Bei Immobilien ist gem. Art. 29, 28 Nr. 3 des Dekrets Nr. 55–22 vom 4.1.1955 und Art. 69 des Dekrets Nr. 55–1350 vom 14.10.1955 beim service chargé de la publicité foncière eine von einem Notar ausgestellte attestation notariée über die Erbfolge zu veröffentlichen. Erleidet ein Dritter durch die Nichtpublikation einen Schaden, so ist ihm dieser gem.

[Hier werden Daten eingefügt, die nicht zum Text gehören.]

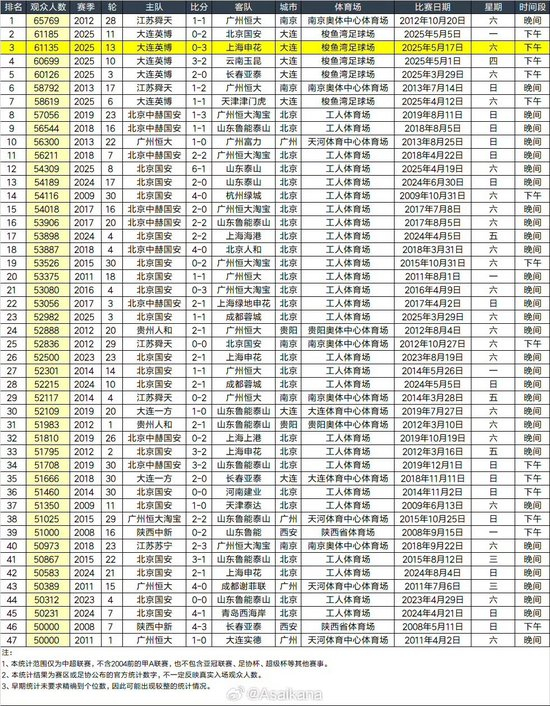 因为我们有一流的服务和丰厚的彩金礼包.。图片展示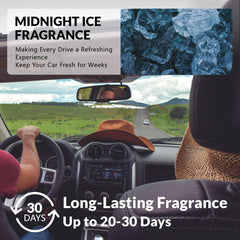 MUBYOK M538 car vent clips keep fresheners securely in place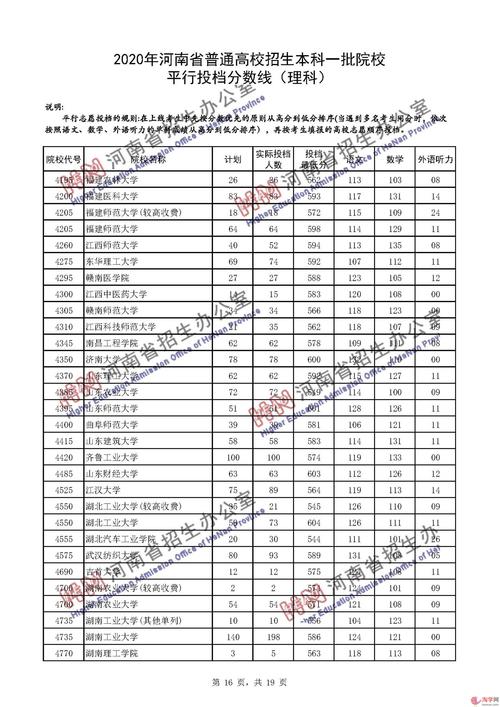2020年河南省高考分数线?(河南一本录取分数线2020投档线)-图3 2020年河南省高考分数线?(河南一本录取分数线2020投档线)-图3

Art. 30 Nr. 4 des Dekrets Nr. 55–22 vom 4.1.1955 zu ersetzen.

[136] Besonderheiten gelten in Elsaß-Lothringen, wo sich unter dem Begriff "certificat d’héritier" der Erbschein trotz Wiedereinführung des französischen Zivilrechts im Jahre 1924 erhalten hat, vgl. Sipp-Mercier, Die Abwicklung deutsch-französischer Erbfälle in der Bundesrepublik Deutschland und in Frankreich, S. 53; Gotthardt, ZfRV 32 (1991), 2 (3).
[137] Zu den anderen Formen vgl. Lagarde, in: Schlosser, Die Informationsbeschaffung für den Zivilprozeß, S. 207 (213); Sipp-Mercier, Die Abwicklung deutsch-französischer Erbfälle in der Bundesrepublik Deutschland und in Frankreich, S. 52.
[138] Vgl. im Einzelnen Ferid/Sonnenberger, Bd. 3 Rn 5 D 403 ff.